Greetings en route from State College, Pennsylvania, home of Penn State University, the only University of which I am aware with a library named after its football coach, Joe Paterno. More relevant to me, Penn State is also the home of the Center for Gravitational Wave Physics, which has been hosting a workshop, “The Pulsar Timing Array — A Nanohertz Gravitational Wave Telescope“. Since I’ve just been accused of not having enough science in this blog:

First, “pulsars” are thought to be spinning neutron stars (a super-dense object that a star can become after it’s run out of fuel), with a lighthouse-like beam that we can detect using radio telescopes — when it happens to be pointed at the earth. The fastest of these rotate almost 1,000 times a second — the millisecond pulsars, discovered in the early 80s by Don Backer and colleagues. Amazingly, the rotation rate is so stable that pulsars can be better timekeepers than the best atomic clocks on the earth.
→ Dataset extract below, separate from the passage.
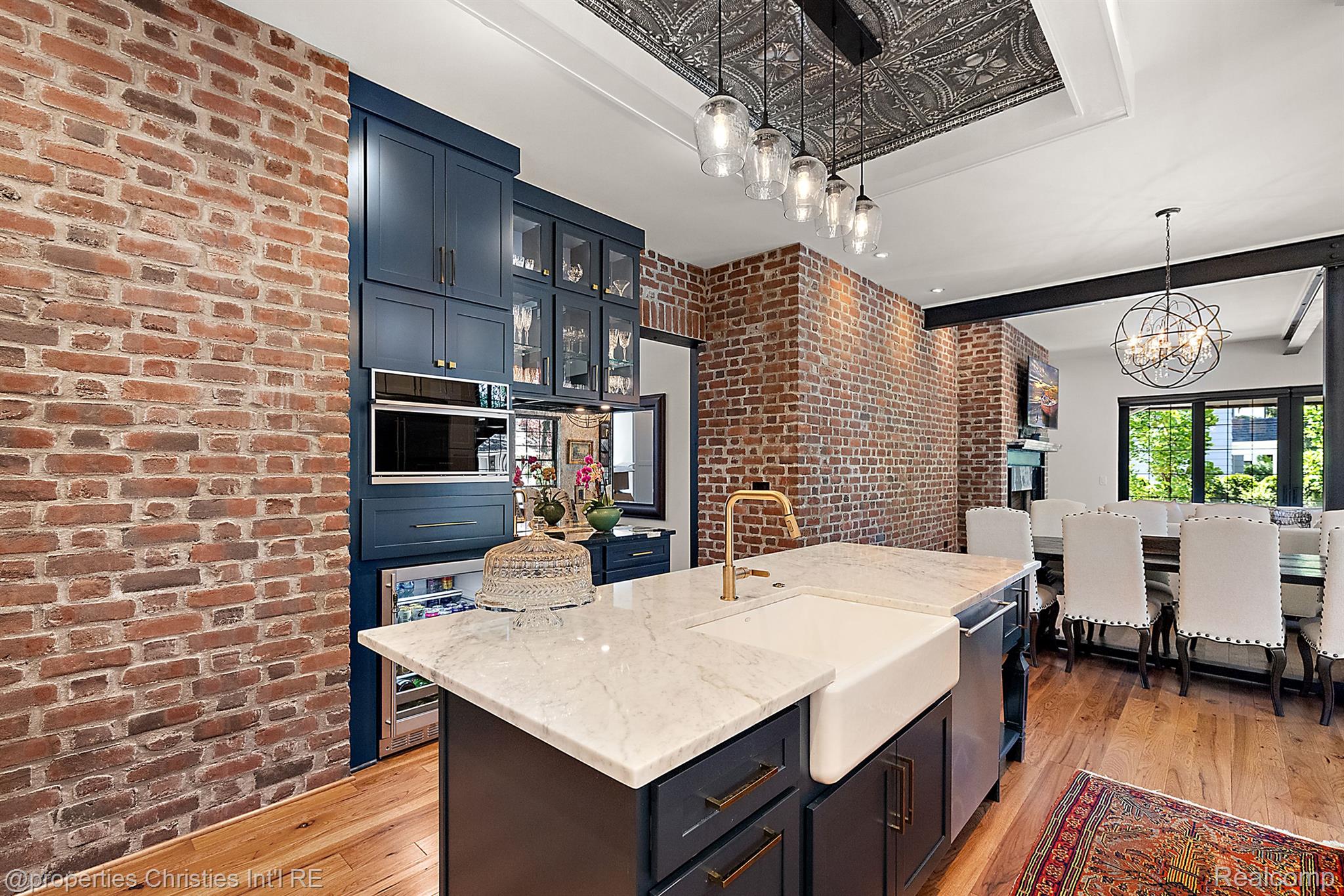 850 GREENWOOD Street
Next, “gravitational waves,” predicted by Einstein’s General Relativity, are ripples in space and time, actually stretching or compressing the distance between objects as they propagate through the Universe. Gravitational waves are created by the movement of very massive objects like Black Holes (or, indeed, neutron stars: the best indirect evidence for the existence of gravitational waves comes from a pair of pulsars in orbit around one another, speeding up in their orbits as they emit gravitational waves just as predicted by Einstein’s theory).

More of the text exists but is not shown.